Gareth works in a similar fashion, except intensified by several degrees. This week was all about geography for him, considering that we got that new atlas and he's reading Guns, Germs, and Steel: The Fates of Human Societies , and writing and science fiction. He and Katydid are working on the Other Worlds curriculum together. He's also moving at a good pace through Jacobs Geometry with the aid of the Ask. Dr. Callahan DVDs and syllabus. I must say that this is a relief to both of us after all the wrestling with algebra. This week was a further focus on deductive proof.

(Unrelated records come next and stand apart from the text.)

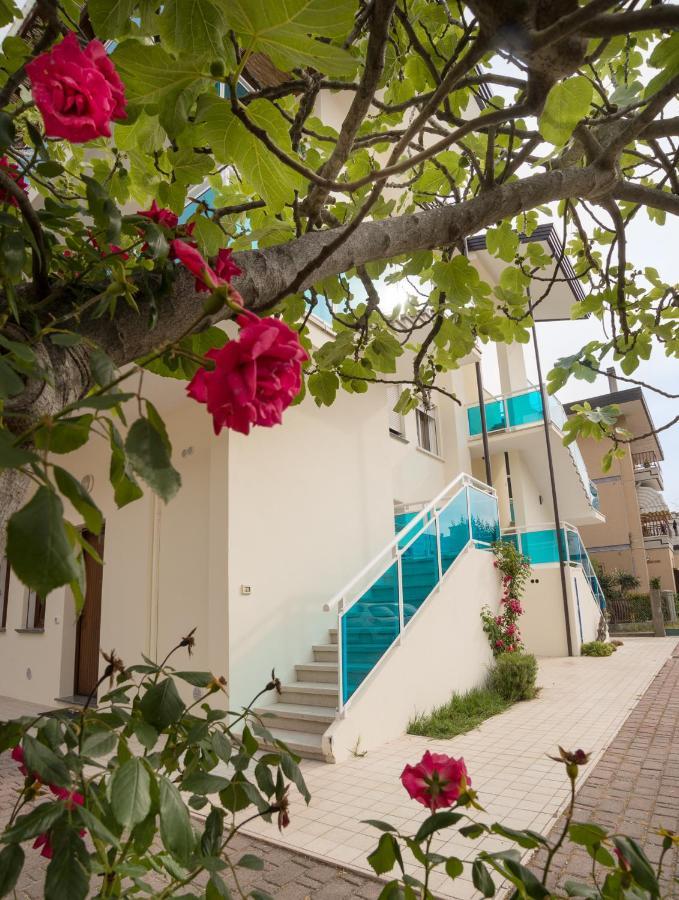 Zzznon Attivo Ex Dl5 E Dl6 Apartment Lido di Jesolo Luaran gambar
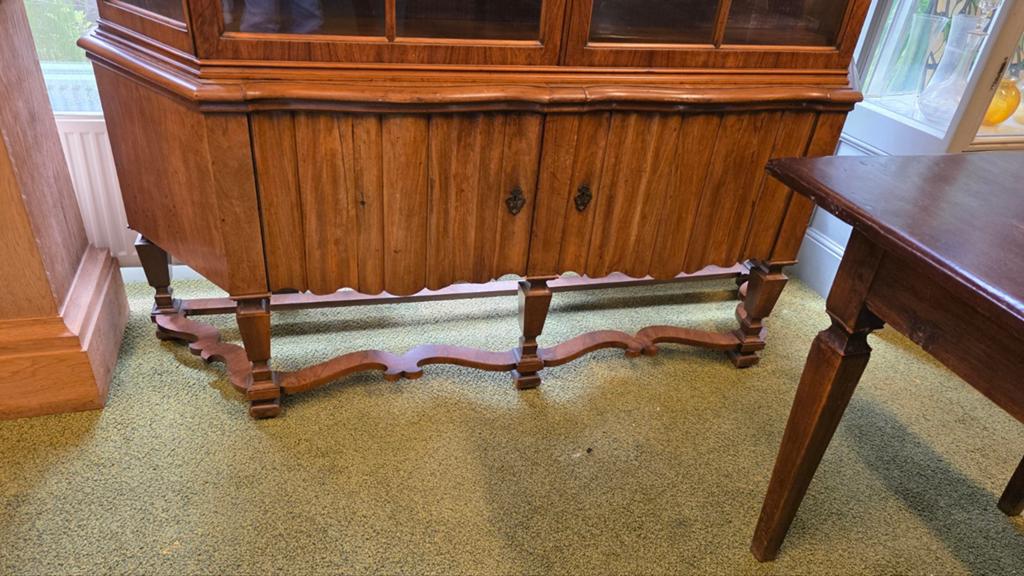 Antieke Notenhouten Kruisboot Vitrinekast, Antiek en Kunst, Ophalen
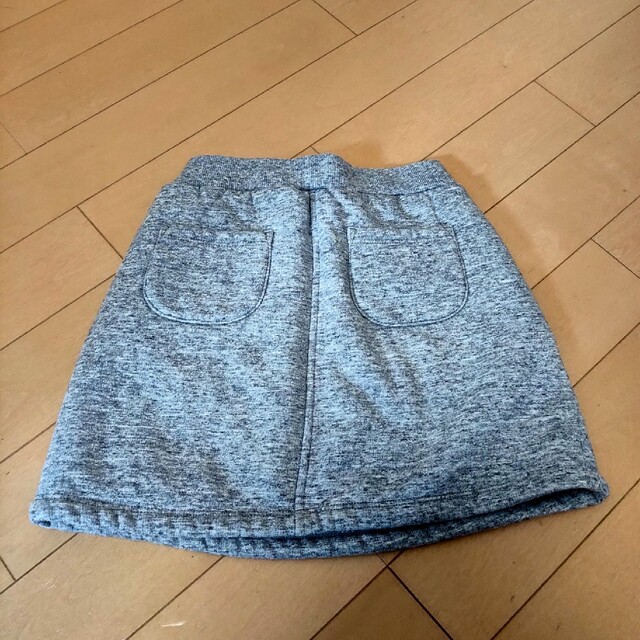 UNIQLO(ユニクロ)のユニクロ　子供服　スカート　裏起毛　サイズ120 キッズ/ベビー/マタニティのキッズ服女の子用(90cm~)(スカート)の商品写真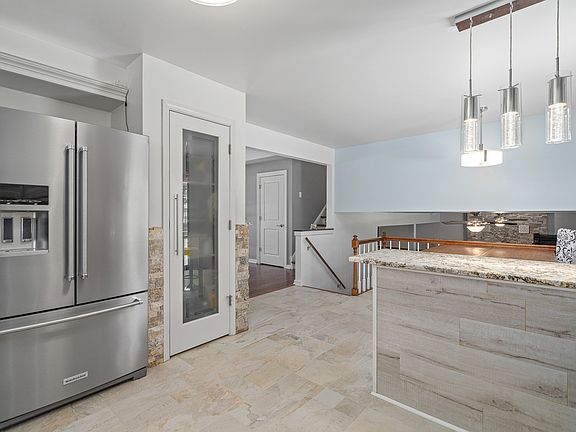3rd image of 1004 Somerset Acres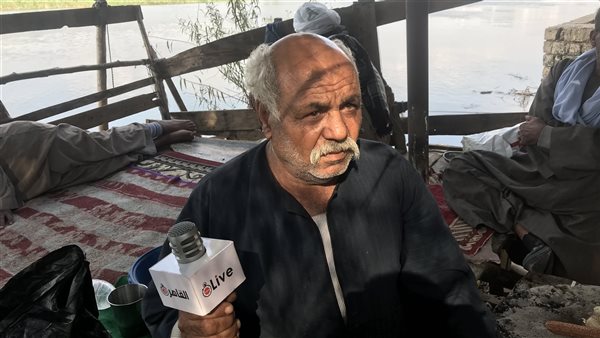 أحد الصيادين بقرية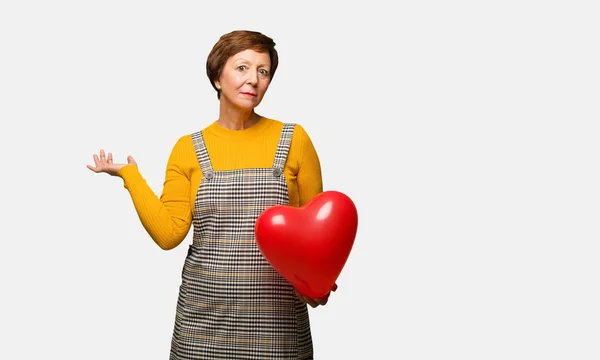 Frau Mittleren Alters Feiert Valentinstag Zweifelnd Und Achselzuckend — Stockfoto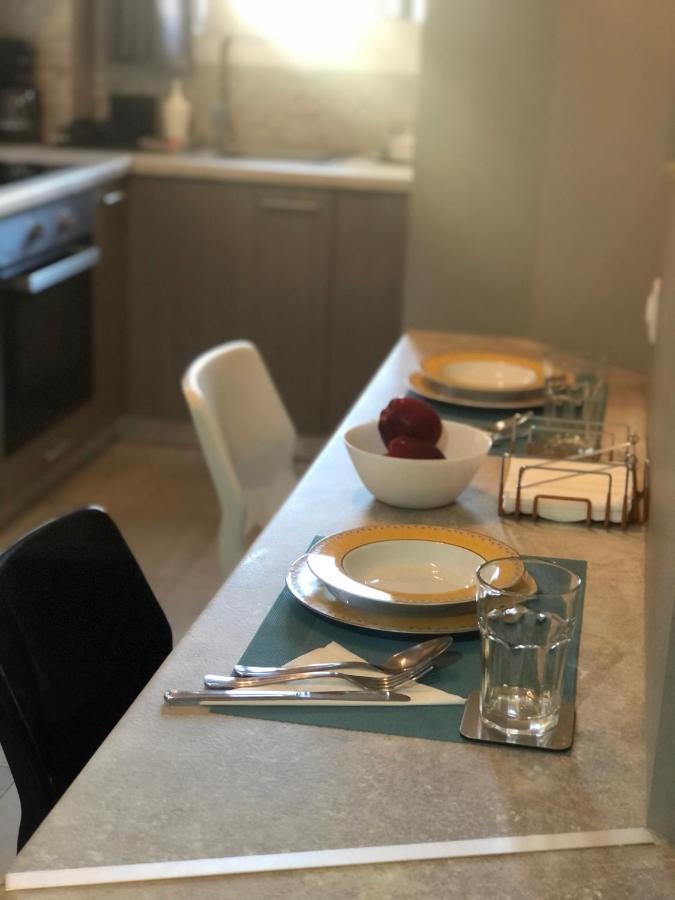D. Apartments カラマタ エクステリア 写真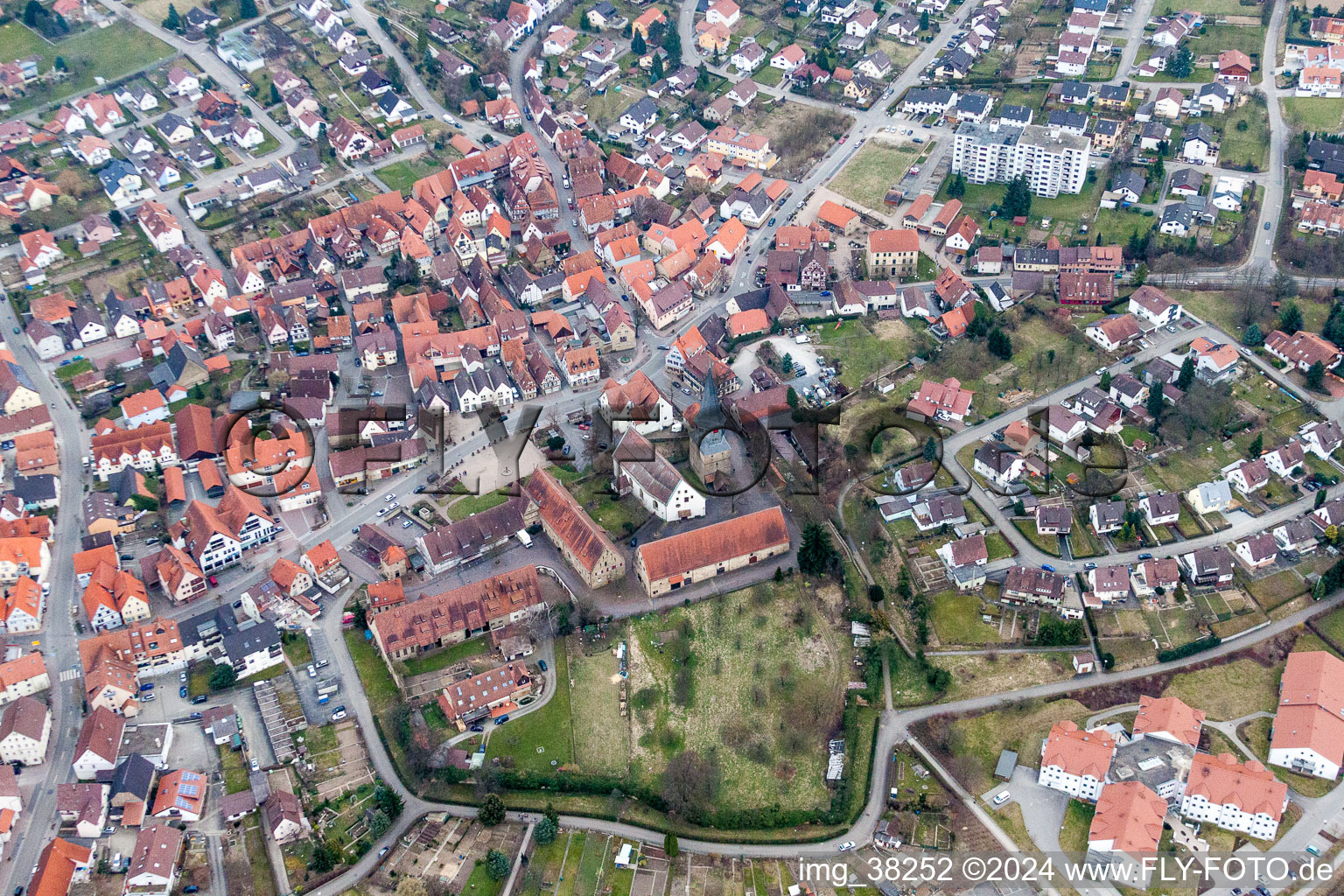 Gebäude der Laurentiuskirche, des Gemeindehause und des Hexenturms in Oberderdingen im Bundesland Baden-Württemberg, Deutschland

The younger boys had a "math morning" this week... I think it was Thursday, when it stormed all morning. It wasn't planned; math was just what they wanted to work on. I do try to work on math daily with the K-3 set, but a) that's not usually a problem with Pop, who will tell you that he has a "math brain" and b) Thursday morning they just wanted to keep going with various mathematical activities.
I put out some pattern squares on the table. I made a flower. Nobody could guess what it was. (Pop: "A satellite? Radar?") FB sat down and immediately put all the squares in a battle array and then informed his brothers of the rules to the game, if they should wish to play. Of course they did, and of course they immediately protested that it wasn't fair because FB had all the soldiers. So... we spent some time figuring out how many soldiers FB actually had (beginning multiplication, multi-digit addition, regrouping, then division when he split them up). I only had to break up a few fist fights before we were finished.
We are doing lots of schooly stuff every day, but it is still summer time. My garden this summer has become an abysmal failure -- well, "abysmal" may be a little strong, but it's a tempting word to use when squash bugs destroy half of everything you planted and even your green beans don't really bear. Anyway, there are several Bartlett pear trees in our neighborhood, and they're getting ripe this time of year, and today one of our neighbors was cutting grass for another neighbor, who has a tree loaded with pears but doesn't use them, and he said we could have the pears if the kids would come get them. So I sent the three oldest over with the cooler on wheels, and even though one cooler full was probably enough, our neighbor said the kids should dump their load and come back for more. I'm not sure how much this is -- a bushel and a half? Two bushels? Or what I'm going to do with them either, considering that Bartlett pears tend to be hard as rocks. But I figure they might be good for preserves or pear butter.